There are several explanations for these findings. First, it may be that thinking styles are associated with perceived, and not real behaviour. Without objective data about an individual doctor's clinical practice, it is difficult to confirm or reject this possibility. Self-report is noted to be a particular methodological challenge for implementation research [53]. Second, it is possible that certain thinking styles are associated with a desire to present the self in a professionally appropriate manner. These possible explanations highlight the need for future research into thinking styles to be related to real-life individual clinical behaviours, observed and measured through processes other than self-report.

However, a third explanation is that thinking styles are indeed related to practice. While the association between the rational mode and concordance became non-significant when doctors were questioned less directly about guideline concordance and more specifically about their practices (Physician Guidelines Study Question Six), the relationship between the experiential mode and guideline discordant practices endured. The meaning of these observations can be understood by reference to a theoretical framework such as CEST.

Recall that CEST assumes a dual processing model of reasoning. That is, every person has their own unique preference for both the rational mode and the experiential mode. The current findings suggest that regardless of an individual's preference for the rational mode, it is their preference for experiential reasoning that may more readily influence their practice. This is consistent with an assumption in the CEST that most behaviour is regulated in the experiential mode. Findings suggest that while guidelines may communicate the necessary evidence, their distribution alone is unlikely to easily override experienced clinicians' practices. This is consistent with the evidence-to-date that simple dissemination of guidelines is a relatively unsuccessful implementation strategy.

CEST is more than simply a model of reasoning. Indeed, as a personality theory, it not only attempts to explain behaviour, but explicitly suggests strategies that may lead to changes in behaviour. The tenet of effective behavioural change according to CEST is that it must occur in the experiential mode. Three ways of producing change in the experiential mode have been identified [17]. First, the rational system can correct and train the experiential (an insight approach). Second, the experiential mode can be influenced through strategies such as the use of narratives, associations, metaphor, and fantasy, to which the experiential is known to be sensitive. Third, emotionally corrective experiences can be provided (cognitive-behavioural approaches). Numerous strategies based on these approaches could be tested experimentally. As an example, individualised audit and feedback of guideline concordance/discordance to physicians is one specific strategy consistent with an insight approach, where the rational mode (data about their actual practices) is used to correct the experiential mode (perceptions about their actual practices).

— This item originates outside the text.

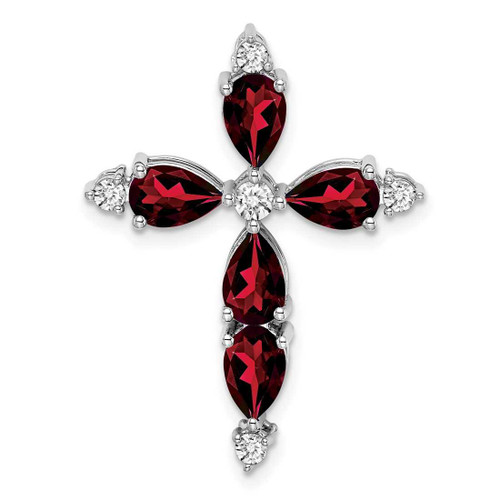 Image of 14k White Gold Garnet and Diamond Cross Pendant PM7040-GA-020-WA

In summary, while the current study has presented an interesting set of data, it involved only a small and select group of clinicians. Therefore, prior to further speculation about potential interventions based on CEST, our results need to be replicated in other, preferably larger, studies comprising more representative samples.

Conclusion

This study investigated thinking styles and awareness, knowledge, and behaviours of male doctors in relation to newly published acute coronary syndrome guidelines. Higher preference for an experiential mode of reasoning was associated with self-reported guideline discordance Higher preference for a rational mode of reasoning was associated with self-reported guideline use in relation to practice overall. These findings support that while guidelines might be necessary to communicate evidence, other strategies may be necessary to target discordant behaviours. Further research designed to test the relevance of CEST to clinician behaviour, that may replicate the current findings, is required.